At some point, Sisyphus has to walk away before his heart bursts.
images: esteeklar.com, dailymail
Wednesday, November 28, 2012
German Clean Energy: Life Over Money
Germany is once again getting it done. Already a quarter of their power grid is renewable and they have big plans for more. So when someone says renewables are a technology or a free market problem in the US, that's baloney. Case and point: the Germans.
When you read Truthdig's coverage of a recent renewable energy conference in Germany, you get just how much of an opportunity the US is squandering and the unfortunate irony of it all -- they even call it an American idea to begin with.
Here's some:
"Since 2000, Germany has converted 25 percent of its power grid to renewable energy sources such as solar, wind and biomass. The architects of the clean energy movement Energiewende, which translates to 'energy transformation,' estimate that from 80 percent to 100 percent of Germany’s electricity will come from renewable sources by 2050.
Germans are baffled that the United States has not taken the same path. Not only is the U.S. the wealthiest nation in the world, but it’s also credited with jump-starting Germany’s green movement 40 years ago.
'This is a very American idea,' Arne Jungjohann, a director at the Heinrich Boll Stiftung Foundation (HBSF), said at a news conference Tuesday morning in Washington, D.C.
The largest difference, panelists said, between Germany and the U.S. is how reactive the government is to its citizens. Democracy in Germany has meant keeping and strengthening regulatory agencies while forming policies that put public ownership ahead of private ownership.

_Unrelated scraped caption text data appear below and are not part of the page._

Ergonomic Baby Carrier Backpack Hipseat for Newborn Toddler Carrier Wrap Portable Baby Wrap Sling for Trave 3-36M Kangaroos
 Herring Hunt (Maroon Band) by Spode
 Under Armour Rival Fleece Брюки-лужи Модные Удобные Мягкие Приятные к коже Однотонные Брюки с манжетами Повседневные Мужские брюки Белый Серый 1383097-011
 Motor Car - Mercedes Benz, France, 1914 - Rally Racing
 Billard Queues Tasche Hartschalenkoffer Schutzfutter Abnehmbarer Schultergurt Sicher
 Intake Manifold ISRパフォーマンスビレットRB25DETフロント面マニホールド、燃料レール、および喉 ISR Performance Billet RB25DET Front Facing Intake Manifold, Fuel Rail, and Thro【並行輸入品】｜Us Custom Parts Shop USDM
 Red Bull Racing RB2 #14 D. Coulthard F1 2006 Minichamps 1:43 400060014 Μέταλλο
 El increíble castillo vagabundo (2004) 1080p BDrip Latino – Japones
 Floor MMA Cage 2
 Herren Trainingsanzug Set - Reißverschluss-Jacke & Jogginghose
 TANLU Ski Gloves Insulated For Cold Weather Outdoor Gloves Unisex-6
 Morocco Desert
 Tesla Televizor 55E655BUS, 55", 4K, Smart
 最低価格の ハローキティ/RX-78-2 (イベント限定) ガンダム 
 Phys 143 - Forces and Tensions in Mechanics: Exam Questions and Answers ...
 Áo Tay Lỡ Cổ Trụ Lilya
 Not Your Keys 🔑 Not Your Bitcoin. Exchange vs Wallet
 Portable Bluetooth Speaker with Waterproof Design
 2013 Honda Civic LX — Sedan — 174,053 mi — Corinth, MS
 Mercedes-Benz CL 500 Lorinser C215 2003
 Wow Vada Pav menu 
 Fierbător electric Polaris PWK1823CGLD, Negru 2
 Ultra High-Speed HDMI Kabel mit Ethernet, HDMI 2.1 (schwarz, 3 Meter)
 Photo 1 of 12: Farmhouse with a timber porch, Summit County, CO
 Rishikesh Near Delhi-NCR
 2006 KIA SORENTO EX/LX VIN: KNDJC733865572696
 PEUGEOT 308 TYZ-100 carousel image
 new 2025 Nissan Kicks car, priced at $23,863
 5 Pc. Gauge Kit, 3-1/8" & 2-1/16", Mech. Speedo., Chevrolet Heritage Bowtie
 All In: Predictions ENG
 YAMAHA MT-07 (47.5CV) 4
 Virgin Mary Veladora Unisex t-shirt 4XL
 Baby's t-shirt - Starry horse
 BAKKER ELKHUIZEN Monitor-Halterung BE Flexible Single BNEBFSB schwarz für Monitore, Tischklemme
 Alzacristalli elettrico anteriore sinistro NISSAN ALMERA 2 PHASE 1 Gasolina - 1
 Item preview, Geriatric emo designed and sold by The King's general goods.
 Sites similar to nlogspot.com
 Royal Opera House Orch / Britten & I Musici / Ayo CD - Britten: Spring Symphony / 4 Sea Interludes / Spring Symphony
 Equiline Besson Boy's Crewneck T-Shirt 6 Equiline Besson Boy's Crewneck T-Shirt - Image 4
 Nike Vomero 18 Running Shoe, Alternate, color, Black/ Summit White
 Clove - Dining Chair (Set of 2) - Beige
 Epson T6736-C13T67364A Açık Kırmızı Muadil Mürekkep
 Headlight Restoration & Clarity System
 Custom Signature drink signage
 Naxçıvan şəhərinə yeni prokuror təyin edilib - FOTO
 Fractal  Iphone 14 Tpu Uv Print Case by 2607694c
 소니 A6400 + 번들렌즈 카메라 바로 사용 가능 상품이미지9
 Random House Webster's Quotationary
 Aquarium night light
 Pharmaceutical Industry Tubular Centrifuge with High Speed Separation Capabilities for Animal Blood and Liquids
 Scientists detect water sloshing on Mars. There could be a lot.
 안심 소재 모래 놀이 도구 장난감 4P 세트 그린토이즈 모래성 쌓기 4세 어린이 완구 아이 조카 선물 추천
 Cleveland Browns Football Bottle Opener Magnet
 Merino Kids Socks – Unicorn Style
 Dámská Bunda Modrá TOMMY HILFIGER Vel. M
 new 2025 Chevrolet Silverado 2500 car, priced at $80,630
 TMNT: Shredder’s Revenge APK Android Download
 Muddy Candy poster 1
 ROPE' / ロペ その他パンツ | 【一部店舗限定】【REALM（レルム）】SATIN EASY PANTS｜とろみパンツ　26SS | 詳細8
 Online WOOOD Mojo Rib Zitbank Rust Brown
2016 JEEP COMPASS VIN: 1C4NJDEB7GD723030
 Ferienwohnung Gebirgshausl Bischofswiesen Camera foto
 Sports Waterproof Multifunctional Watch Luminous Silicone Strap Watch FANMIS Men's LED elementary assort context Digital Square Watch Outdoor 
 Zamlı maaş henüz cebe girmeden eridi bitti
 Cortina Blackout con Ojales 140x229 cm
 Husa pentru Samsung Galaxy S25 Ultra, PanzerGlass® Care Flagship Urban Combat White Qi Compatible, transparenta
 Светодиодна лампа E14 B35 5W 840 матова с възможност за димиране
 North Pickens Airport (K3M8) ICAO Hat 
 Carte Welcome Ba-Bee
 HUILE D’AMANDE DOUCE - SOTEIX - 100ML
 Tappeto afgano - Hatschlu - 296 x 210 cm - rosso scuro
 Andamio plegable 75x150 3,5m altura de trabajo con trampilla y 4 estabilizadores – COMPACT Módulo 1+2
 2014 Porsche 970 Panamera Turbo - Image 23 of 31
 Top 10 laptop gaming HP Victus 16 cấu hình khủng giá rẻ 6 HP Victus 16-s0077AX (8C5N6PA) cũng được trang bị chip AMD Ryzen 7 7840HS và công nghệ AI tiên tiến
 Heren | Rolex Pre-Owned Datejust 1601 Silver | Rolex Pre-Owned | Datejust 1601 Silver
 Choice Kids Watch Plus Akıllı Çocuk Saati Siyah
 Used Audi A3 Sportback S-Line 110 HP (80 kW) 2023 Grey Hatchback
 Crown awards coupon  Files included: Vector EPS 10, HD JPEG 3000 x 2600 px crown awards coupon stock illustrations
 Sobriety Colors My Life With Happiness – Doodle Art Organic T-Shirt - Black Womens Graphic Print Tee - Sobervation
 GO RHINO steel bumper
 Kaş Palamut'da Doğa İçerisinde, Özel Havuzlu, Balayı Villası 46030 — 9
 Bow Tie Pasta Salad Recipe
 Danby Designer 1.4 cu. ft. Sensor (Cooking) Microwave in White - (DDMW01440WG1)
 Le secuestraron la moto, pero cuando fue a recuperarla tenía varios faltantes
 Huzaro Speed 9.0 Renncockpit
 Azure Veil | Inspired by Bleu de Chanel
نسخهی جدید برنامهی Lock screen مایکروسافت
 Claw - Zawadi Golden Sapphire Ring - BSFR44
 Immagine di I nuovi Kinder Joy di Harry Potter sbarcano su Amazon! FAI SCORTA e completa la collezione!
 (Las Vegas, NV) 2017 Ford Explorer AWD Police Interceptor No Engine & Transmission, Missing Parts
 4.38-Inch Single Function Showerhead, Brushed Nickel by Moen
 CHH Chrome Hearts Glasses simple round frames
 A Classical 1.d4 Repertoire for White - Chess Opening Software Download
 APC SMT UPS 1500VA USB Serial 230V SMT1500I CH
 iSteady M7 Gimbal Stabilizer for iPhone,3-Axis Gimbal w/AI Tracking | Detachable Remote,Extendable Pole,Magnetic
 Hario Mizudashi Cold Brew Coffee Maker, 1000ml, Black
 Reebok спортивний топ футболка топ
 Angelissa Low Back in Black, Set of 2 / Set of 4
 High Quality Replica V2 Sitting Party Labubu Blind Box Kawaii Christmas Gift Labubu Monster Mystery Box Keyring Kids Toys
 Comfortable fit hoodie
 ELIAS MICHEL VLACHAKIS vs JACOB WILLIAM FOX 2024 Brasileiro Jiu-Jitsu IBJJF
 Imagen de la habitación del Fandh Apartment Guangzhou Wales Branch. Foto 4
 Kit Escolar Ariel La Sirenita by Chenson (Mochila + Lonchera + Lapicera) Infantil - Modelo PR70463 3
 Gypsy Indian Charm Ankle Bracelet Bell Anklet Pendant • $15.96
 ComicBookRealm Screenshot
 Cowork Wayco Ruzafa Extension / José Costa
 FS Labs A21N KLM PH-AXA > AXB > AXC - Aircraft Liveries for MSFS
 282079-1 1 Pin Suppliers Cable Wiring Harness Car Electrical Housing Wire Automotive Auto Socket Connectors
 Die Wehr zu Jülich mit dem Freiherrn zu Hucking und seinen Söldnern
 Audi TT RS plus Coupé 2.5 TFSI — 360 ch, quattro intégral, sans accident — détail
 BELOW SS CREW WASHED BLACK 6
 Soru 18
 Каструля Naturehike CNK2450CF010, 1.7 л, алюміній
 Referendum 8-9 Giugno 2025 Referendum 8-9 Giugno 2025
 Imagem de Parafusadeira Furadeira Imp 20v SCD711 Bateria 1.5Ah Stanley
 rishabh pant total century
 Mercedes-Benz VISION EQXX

'In the end, it isn’t about making money. It’s about quality of life.'"
image: cleantechnica.com
Thursday, November 22, 2012
Happy Turkey Day
It's Thanksgiving in the US, and somewhere between stuffing the turkey and our faces, it's time to ask what we are thankful for, which is not such a bad thing to ask.
I am thankful for a loving family and friends. I am thankful for my health. I am thankful for the gift of nature.
And they are all related. That's why I'll keep harping about how important (and urgent) it is to support healthy oceans and clean energy.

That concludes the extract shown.